R - Oui, alors nous travaillons effectivement avec la Caisse des Dépôts, la Banque des territoires, BPI France, en vue de ce comité interministériel de jeudi - le Premier ministre fera les annonces - pour aider les acteurs du tourisme à avoir accès à des financements, par exemple avec notamment le " prêt tourisme ", qui est un prêt qui sera très intéressant pour les acteurs du tourisme, dans la mesure où il comprend un différé de deux ans. Cela leur permet d’enjamber notamment cette saison estivale qui sera différente des autres, et puis la prochaine, dont on espère qu’elle sera meilleure, en 2021. Et donc, c’est une vraie réponse à leur besoin de trésorerie, à leur besoin d’avoir aussi de l’oxygène financier.

Par ailleurs, au-delà de cette réponse de soutien à court terme, de la dette à très long terme fournie par la caisse des dépôts, par la banque des territoires, pour aider des territoires, je pense aux territoires littoraux, aux territoires montagnards, à faire une mise à niveau de l’offre, qui doit également être beaucoup plus inscrite dans le tourisme durable. On a des stations de montagne qui, parfois, ont un peu vieilli. Nous devons investir massivement pour toujours être dans la compétition. La France est rentrée dans cette crise en étant première en termes d’attractivité internationale touristique, elle doit le demeurer.

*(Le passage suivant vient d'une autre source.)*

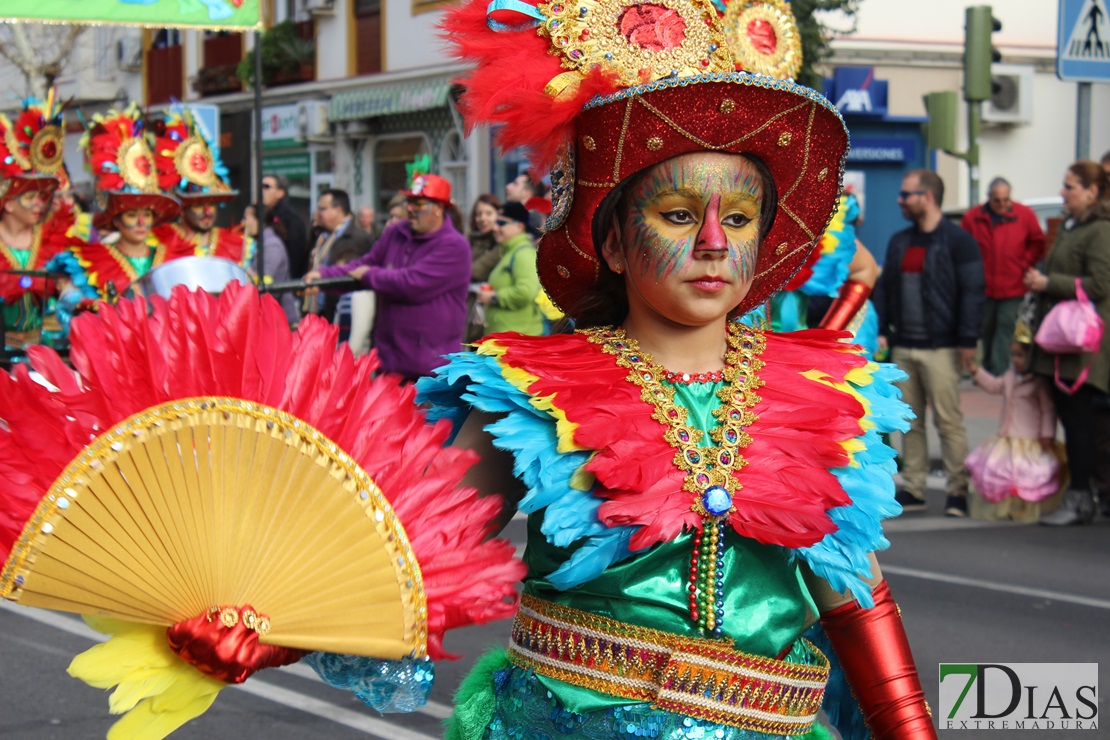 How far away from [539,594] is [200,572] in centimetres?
64

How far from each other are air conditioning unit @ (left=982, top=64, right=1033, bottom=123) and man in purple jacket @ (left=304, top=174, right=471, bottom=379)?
1369 cm

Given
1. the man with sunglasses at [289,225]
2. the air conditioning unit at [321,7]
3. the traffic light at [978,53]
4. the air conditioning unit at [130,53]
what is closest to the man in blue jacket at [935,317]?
the traffic light at [978,53]

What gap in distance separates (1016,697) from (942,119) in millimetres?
9208

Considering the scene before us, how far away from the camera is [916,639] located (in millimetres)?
6199

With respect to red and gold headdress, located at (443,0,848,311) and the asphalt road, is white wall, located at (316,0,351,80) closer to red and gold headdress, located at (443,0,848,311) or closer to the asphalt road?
the asphalt road

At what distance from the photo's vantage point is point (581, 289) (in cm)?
281

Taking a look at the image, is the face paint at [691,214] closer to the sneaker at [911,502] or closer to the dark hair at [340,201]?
the sneaker at [911,502]

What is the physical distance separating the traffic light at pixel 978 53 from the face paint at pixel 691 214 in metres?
10.6

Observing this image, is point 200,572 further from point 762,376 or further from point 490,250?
point 490,250

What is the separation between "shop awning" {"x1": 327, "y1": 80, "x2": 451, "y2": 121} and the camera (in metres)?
24.5

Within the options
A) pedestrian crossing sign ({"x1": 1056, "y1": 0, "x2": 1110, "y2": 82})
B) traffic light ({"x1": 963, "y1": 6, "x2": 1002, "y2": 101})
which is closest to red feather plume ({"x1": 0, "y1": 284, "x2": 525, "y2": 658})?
pedestrian crossing sign ({"x1": 1056, "y1": 0, "x2": 1110, "y2": 82})

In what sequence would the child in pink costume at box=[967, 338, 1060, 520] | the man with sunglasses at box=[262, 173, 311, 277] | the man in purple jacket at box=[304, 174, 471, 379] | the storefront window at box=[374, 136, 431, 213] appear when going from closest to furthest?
1. the child in pink costume at box=[967, 338, 1060, 520]
2. the man in purple jacket at box=[304, 174, 471, 379]
3. the man with sunglasses at box=[262, 173, 311, 277]
4. the storefront window at box=[374, 136, 431, 213]

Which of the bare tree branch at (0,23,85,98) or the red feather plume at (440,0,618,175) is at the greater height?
the bare tree branch at (0,23,85,98)

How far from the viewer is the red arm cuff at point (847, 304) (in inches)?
309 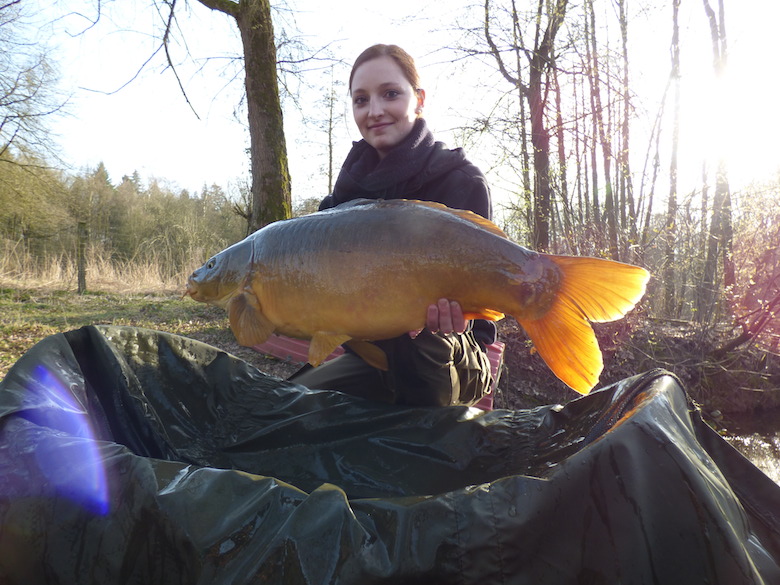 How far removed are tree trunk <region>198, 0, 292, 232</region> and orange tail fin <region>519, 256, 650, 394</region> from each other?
3.15 metres

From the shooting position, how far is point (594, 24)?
486 cm

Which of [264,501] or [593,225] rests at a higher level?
[593,225]

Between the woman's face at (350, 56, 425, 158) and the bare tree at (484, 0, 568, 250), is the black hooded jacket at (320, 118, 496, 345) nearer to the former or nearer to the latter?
the woman's face at (350, 56, 425, 158)

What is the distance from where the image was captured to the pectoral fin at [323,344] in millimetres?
1245

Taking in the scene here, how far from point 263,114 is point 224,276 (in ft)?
10.3

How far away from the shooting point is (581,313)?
3.72ft

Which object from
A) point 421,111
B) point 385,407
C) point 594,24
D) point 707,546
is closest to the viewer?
point 707,546

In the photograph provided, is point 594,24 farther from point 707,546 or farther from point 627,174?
point 707,546

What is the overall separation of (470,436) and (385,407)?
0.29 meters

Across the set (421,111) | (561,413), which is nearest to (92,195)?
(421,111)

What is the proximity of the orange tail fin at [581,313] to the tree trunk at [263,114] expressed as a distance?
3153 millimetres

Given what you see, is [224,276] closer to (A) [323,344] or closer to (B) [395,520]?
(A) [323,344]

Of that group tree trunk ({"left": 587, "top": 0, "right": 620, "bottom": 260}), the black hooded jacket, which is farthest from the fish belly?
tree trunk ({"left": 587, "top": 0, "right": 620, "bottom": 260})

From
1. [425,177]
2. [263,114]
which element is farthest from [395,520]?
[263,114] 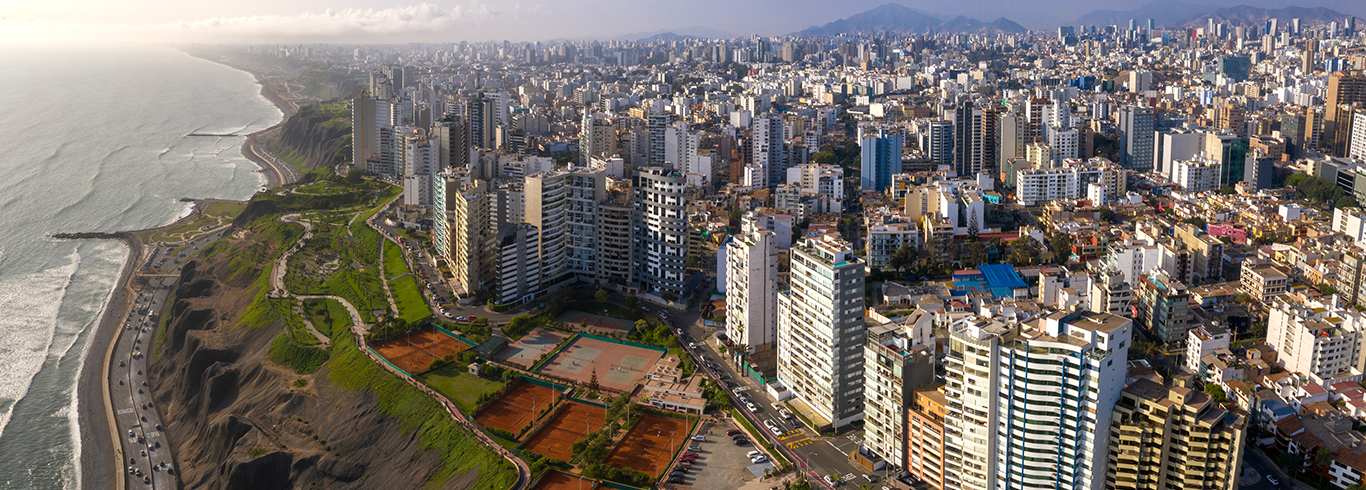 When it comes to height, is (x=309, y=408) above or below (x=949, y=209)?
below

Mais cela veut dire également, ces investissements..., d’une crise doit naître une opportunité : accélérer ces investissements, accélérer non seulement dans le tourisme durable, mais également dans le digital. On l’a vu, souvent, les acteurs touristiques voient une partie de leur valeur ajoutée finalement prélevée par un certain nombre d’opérateurs digitaux. Je crois qu’il y a de la place pour élaborer des outils qui leur permettent de garder un peu une partie de cette valeur ajoutée.

Q - Un dernier mot, Jean-Baptiste Lemoyne, parce que vous avez dans votre portefeuille également la francophonie. Vous travaillez beaucoup avec les chefs d’Etat et de gouvernement africains. Est-ce que vous êtes inquiets de l’épidémie sur ce continent ?

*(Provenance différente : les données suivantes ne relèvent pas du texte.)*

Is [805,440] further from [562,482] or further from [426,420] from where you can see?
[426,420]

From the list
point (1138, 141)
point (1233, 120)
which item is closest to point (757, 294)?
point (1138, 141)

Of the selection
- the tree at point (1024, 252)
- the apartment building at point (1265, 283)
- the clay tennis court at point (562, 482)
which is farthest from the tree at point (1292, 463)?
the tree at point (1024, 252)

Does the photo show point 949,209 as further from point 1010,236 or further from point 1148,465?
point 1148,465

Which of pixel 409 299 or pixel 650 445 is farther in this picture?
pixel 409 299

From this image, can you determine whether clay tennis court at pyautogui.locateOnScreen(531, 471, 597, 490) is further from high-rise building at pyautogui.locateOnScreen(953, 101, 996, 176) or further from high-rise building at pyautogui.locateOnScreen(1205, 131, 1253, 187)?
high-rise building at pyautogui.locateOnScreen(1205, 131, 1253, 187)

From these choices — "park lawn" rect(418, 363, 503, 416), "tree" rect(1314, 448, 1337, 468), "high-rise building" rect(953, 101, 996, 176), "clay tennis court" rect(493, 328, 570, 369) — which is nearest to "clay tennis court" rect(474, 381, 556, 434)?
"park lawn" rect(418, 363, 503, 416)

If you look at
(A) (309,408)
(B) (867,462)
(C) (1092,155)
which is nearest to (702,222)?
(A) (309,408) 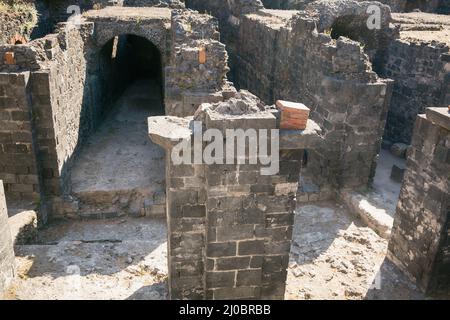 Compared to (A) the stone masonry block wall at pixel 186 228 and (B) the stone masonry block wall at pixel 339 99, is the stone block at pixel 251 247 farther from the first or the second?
(B) the stone masonry block wall at pixel 339 99

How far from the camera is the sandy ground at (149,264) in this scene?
21.1 ft

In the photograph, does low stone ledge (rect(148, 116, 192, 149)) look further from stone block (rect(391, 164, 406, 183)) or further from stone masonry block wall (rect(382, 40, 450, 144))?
stone masonry block wall (rect(382, 40, 450, 144))

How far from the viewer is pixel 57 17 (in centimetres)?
1691

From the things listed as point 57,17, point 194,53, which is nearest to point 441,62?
point 194,53

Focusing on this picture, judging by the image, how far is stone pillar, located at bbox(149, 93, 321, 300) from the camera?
4969 mm

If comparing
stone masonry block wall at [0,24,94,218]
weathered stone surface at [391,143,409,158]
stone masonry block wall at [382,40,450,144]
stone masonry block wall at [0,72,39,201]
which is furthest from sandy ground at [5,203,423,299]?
stone masonry block wall at [382,40,450,144]

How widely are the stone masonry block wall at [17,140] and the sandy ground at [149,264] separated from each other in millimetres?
1021

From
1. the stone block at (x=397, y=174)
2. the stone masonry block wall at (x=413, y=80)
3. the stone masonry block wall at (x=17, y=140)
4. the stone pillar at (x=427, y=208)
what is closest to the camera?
the stone pillar at (x=427, y=208)

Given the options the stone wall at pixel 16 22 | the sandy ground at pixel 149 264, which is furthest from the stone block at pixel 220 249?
the stone wall at pixel 16 22

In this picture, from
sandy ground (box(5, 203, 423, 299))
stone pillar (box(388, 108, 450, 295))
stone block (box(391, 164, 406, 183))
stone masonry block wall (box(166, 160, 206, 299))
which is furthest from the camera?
stone block (box(391, 164, 406, 183))

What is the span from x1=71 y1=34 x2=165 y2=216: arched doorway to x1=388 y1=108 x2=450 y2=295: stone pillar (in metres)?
4.83

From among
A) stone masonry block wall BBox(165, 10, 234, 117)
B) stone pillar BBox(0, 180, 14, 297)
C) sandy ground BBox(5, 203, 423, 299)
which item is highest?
stone masonry block wall BBox(165, 10, 234, 117)

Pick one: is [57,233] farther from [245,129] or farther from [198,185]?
[245,129]

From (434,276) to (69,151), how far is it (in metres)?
7.64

R - On est inquiet parce que cette épidémie, on le voit, elle peut prendre des proportions très importantes en Europe. Pour l’instant, sa dynamique est moindre en Afrique, il faut s’en féliciter. Je crois que le président de la République a été en pointe pour faire en sorte qu’il y ait à la fois un moratoire financier qui permette aux Etats du continent africain de redéployer des moyens qui auparavant étaient consacrés au service de la dette à la préparation et à la prévention de l’épidémie. C’était très important.

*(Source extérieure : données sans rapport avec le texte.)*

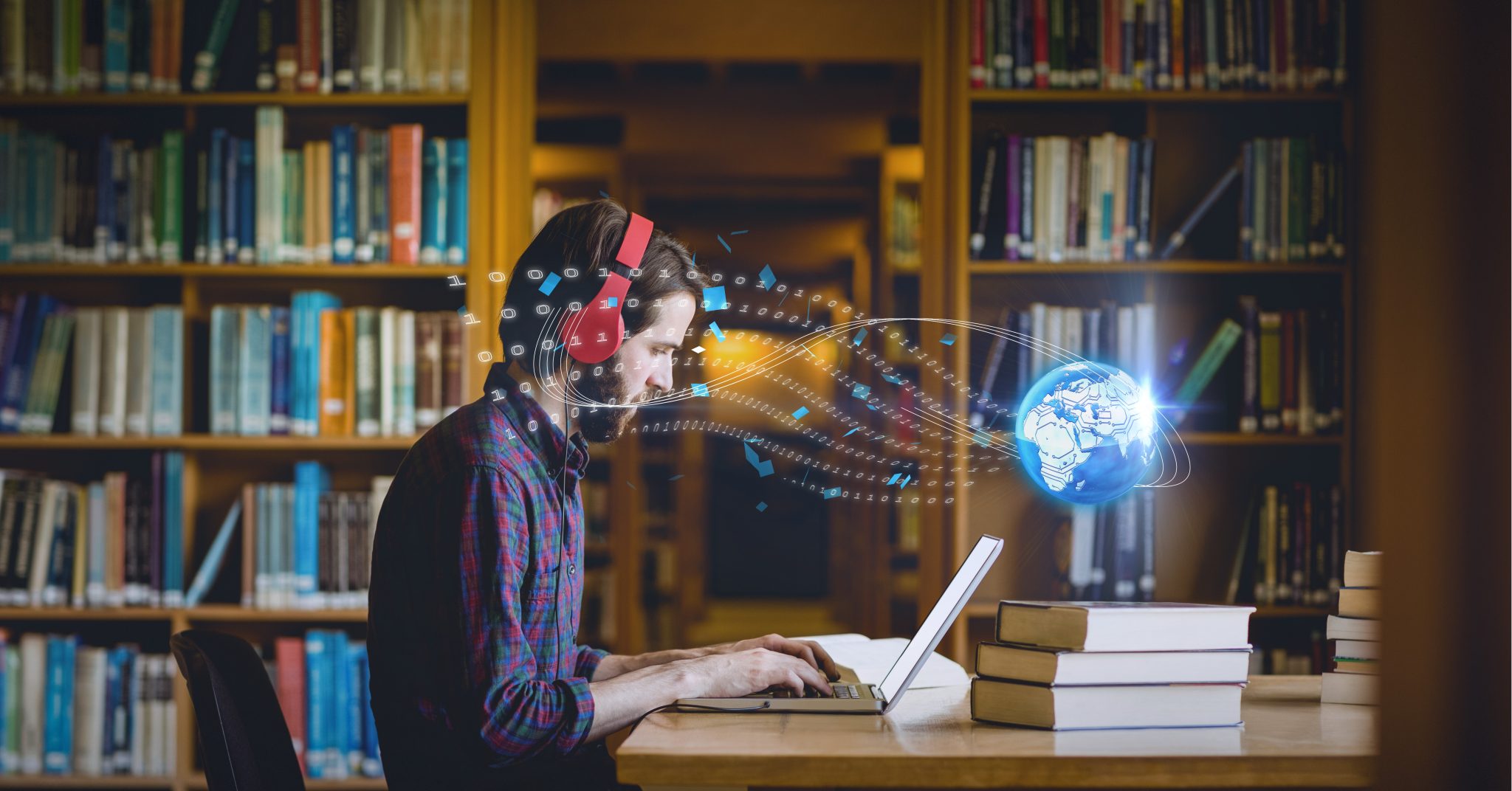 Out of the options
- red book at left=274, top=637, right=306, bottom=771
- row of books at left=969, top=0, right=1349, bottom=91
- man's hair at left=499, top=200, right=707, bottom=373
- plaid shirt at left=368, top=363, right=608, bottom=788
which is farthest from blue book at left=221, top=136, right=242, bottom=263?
row of books at left=969, top=0, right=1349, bottom=91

Par ailleurs, avec les Européens, nous agissons pour aider nos frères africains en matière de matériels. Ainsi, un vol est parti depuis Lyon, vendredi dernier, pour rejoindre la République de Centrafrique. Il s’est posé à Bangui. Cela fait partie de ces solidarités concrètes. On ne le sait pas assez, mais l’Union européenne est le premier bailleur pour le continent africain. Et donc, il est bon que cela soit su, face, parfois, je dirais, à l’instrumentalisation de l’aide par des bailleurs émergents.

Q - Merci beaucoup, merci, Jean-Baptiste Lemoyne, d’avoir été avec nous./.